◆ Dataset section:
***
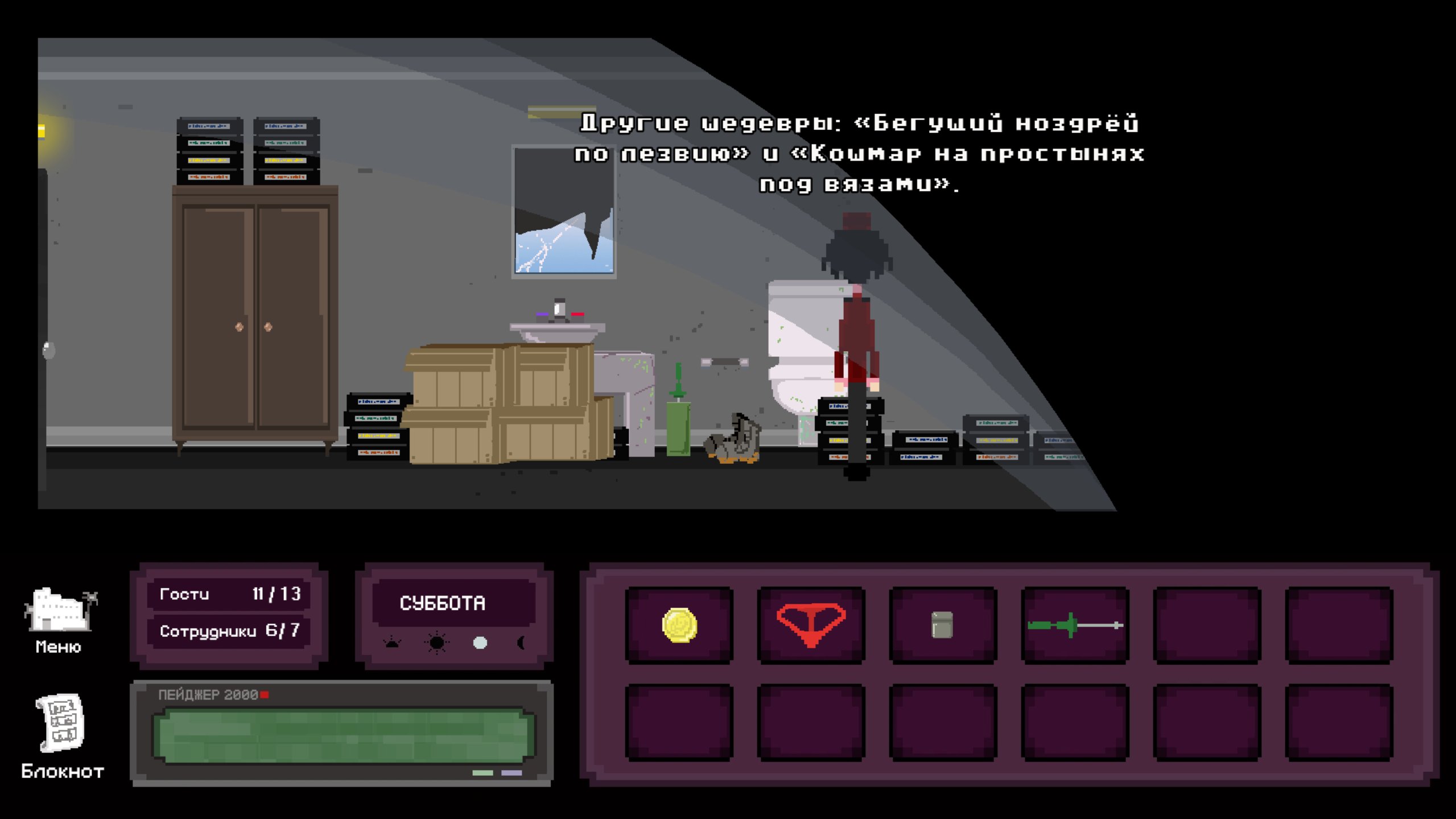 200726-Screenshot-8.jpg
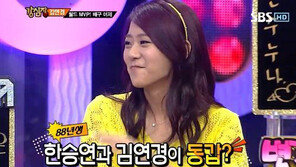 한승연 키 굴욕, “김연경과 32cm 차이… 킬힐도 무색” 폭소!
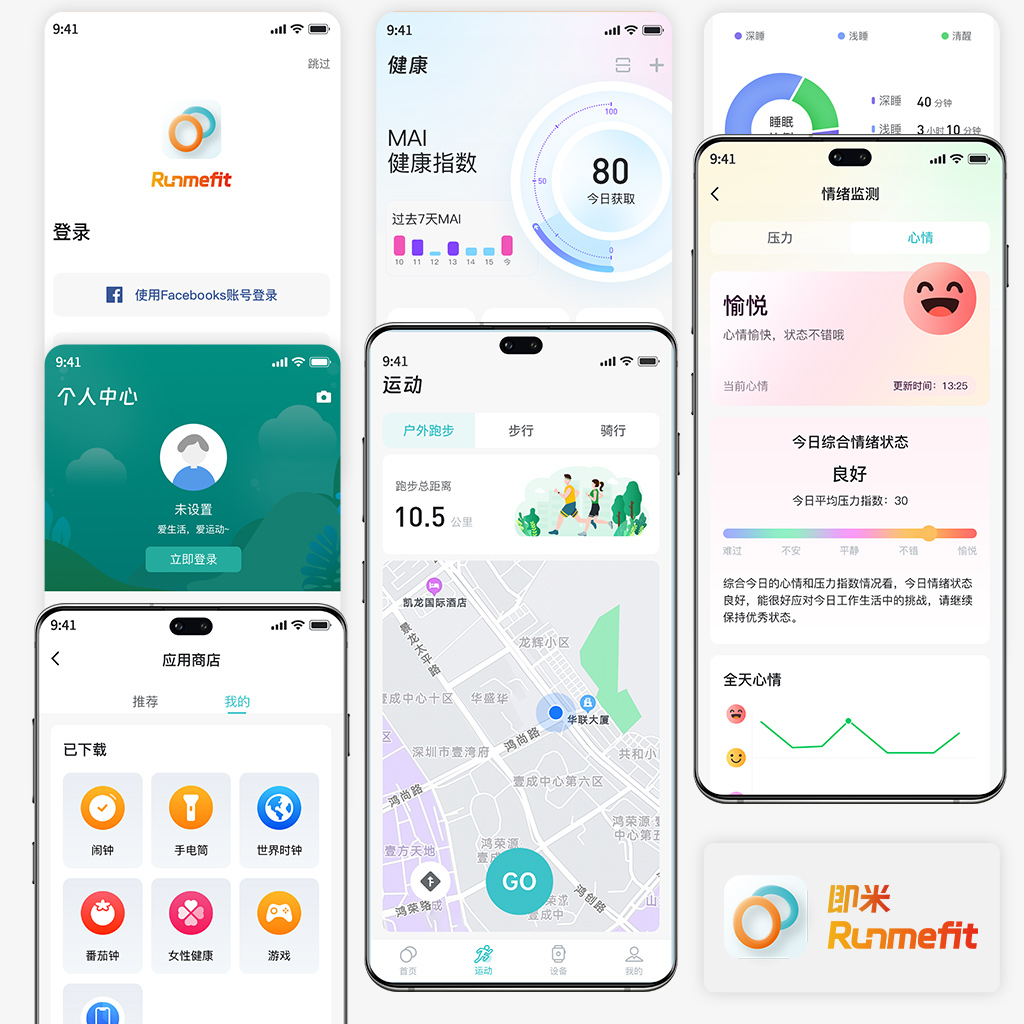 万利国际(中国区)有限公司官网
***
◆ Instructions to follow: Reproduce the lines above exactly, please, but not the pictures in them.

◆ Answer for the task:
 200726-Screenshot-8.jpg
 한승연 키 굴욕, “김연경과 32cm 차이… 킬힐도 무색” 폭소!
 万利国际(中国区)有限公司官网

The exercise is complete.